From Part 1, Chapter 3

After the news, you climbed to the attic. Rodney's weary bed and its dust covered electric blanket huddled close to the single window. On top, boxes of your mom's clothes. One-by-twelve planks ran above the naked insulation like catwalks. In a corner you found three more cardboard boxes. The first box held Rodney's toys: building blocks, Hot Wheels, and old cartoons on VHS. The second box held a broken alarm clock, a rhinestone necklace, legal deeds from Wexford and Clare counties, and the photo of an angry woman with wood chips in her hair. The picture was so old that the paper had cracked and wilted into a scroll. The third box held books. You found A Picture History of Genesee County, and Well Do I Remember by Ann Lethbridge with a green cloth cover and cardboard backing, and a guide to Michigan trees. Beneath these lay a stack of National Geographics and a half-dozen Bibles, all cheap King James editions with red covers and the words of Jesus in red. At the bottom of it all, some Samuel Taylor Coleridge and The Old Farmer's Almanac from nineteen fifty-eight. You didn't find the poem.

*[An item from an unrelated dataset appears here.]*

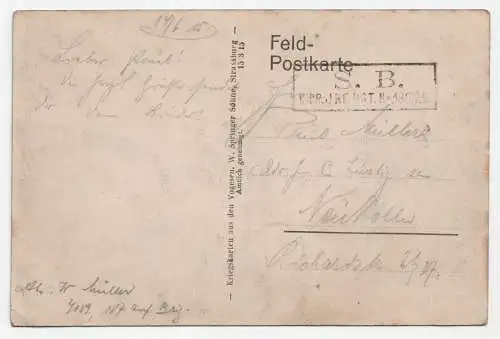 Münster. jahr 1915. // Feldpost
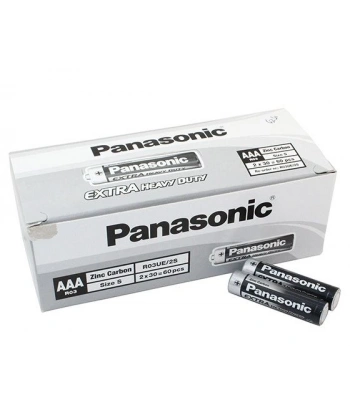 Panasonic Manganez İnce Kalem AAA Pil 60Lı Paket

Disappointed, you closed the boxes and went downstairs with Rodney's taped episodes of Scooby-Doo. You sat in the living room and watched every episode, always guessing five minutes in who wore the mask and why. You wondered if Flint's rat-and-cross murderer wore a mask as well. You speculated, cataloguing kids, neighbors, and family, searching for a man in a three-piece suit with a winning smile and sharp eye teeth. Maybe a staid professional with a brisk walk and an icy voice. Or a disheveled gardener with red bags under his reddish eyes. But you didn't know anyone like this and drew no conclusions. That afternoon, Ashley came over and found you sitting on your bed.

"You heard we made national news. Maybe this'll make us number one for murder again."
"I want to see it," you said. "The house where it happened."
"I'm not driving all the way to Grand Blanc just for that."
"No. The first one. Right near here."
"It's near here?"
"It's north on Lewis."
"I don't like Lewis." She was thinking of Maria.
Trembling with excitement and trying to hide it, you slipped your coat on, clicked off the lights, and left through the back door. Ashley followed. She stood in your driveway.
"Come on," you said.
She thrust her hands in her pockets and glared.